In his message dated July 4, Mara wrote that he had visited several detained figures, referring to them as “prisoners of conscience”, and vowed that “as long as the night lasts, the sun will inevitably rise”, pledging “to fight by all means to make that happen as soon as possible” to ensure “the flame of hope never fades in them”.
Authorities summoned Mara twice to the national cybercrime unit in Bamako, and he was formally charged with “undermining the credibility of the state,” opposing legitimate authority, inciting public disorder, and spreading false information, charges Muslim lawyers say are intended to silence dissent ahead of his trial set for September 29, 2025.
His arrest comes amid a broader political tightening orchestrated by General Assimi Goïta, who seized power following coups in 2020 and 2021, and in May 2025 oversaw the dissolution of all political parties. A month later, Mali’s transitional legislature granted Goïta a renewable five‑year presidential term, bypassing any public election.

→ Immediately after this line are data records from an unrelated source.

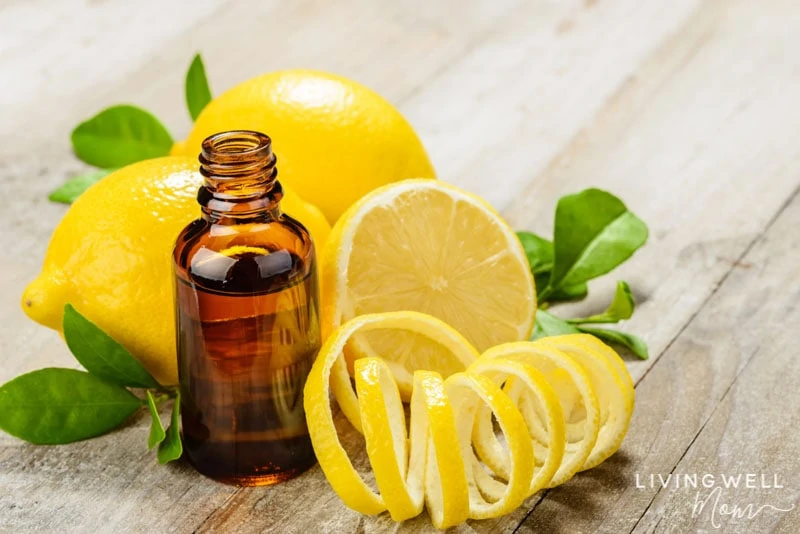 lemon essential oil to help with allergy symptoms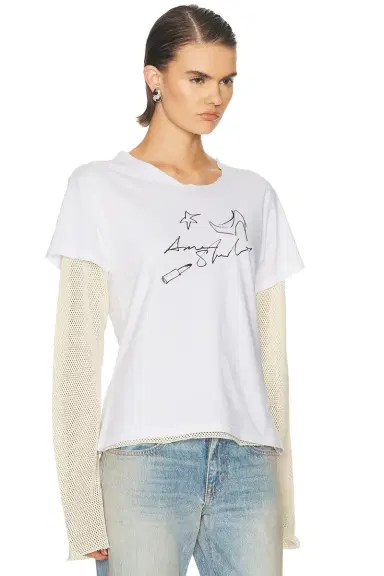Acne Studios Evina Long Sleeve T-Shirt | Thumbnail 2 Acne Studios Evina Long Sleeve T-Shirt | Thumbnail 2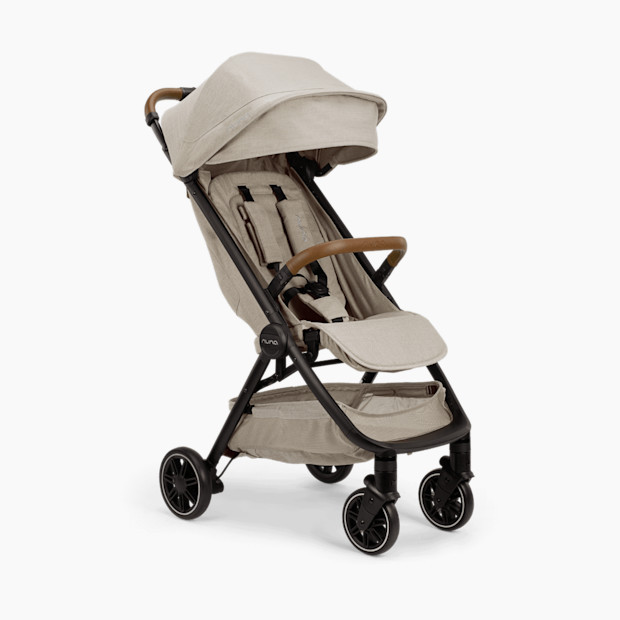 Nuna TRVL Easy Fold Compact Stroller & Carry Bag in Hazelwood Size 32.5"" x 20.25"" x 44 | Babylist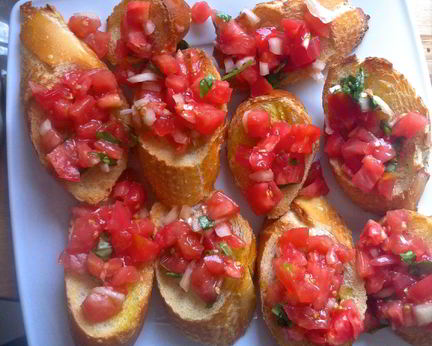 Тосты с брускеттой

Moussa Mara stands out as one of the few high-profile voices continuing to critique a government that promised a return to civilian rule by March 2024, a promise which remains unfulfilled as political freedoms tighten and the civilian transition remains postponed.
Human rights advocates fear Mara’s prosecution is intended to establish a chilling precedent: expressing moral support for political prisoners now constitutes a criminal offense in Mali’s shifting legal landscape. His legal team has denounced the proceedings as politically motivated and vowed to challenge them through all available channels.
The case against Mara is likely to be viewed as a benchmark of Mali’s shrinking democratic space. International observers argue that if phrases like “solidarity with prisoners of conscience” become prosecutable, civic discourse and public criticism of authority may increasingly fall under the purview of the country’s Cybercrime Suppression Act of 2019.
As the trial date approaches, Mali’s fragile political equilibrium is under pressure: a constitutional transition process that has largely stalled, no scheduled elections, and former senior leaders facing jail time for peaceful remarks. How courts navigate this will raise fundamental questions about whether law enforcement is protecting public order or suppressing dissent.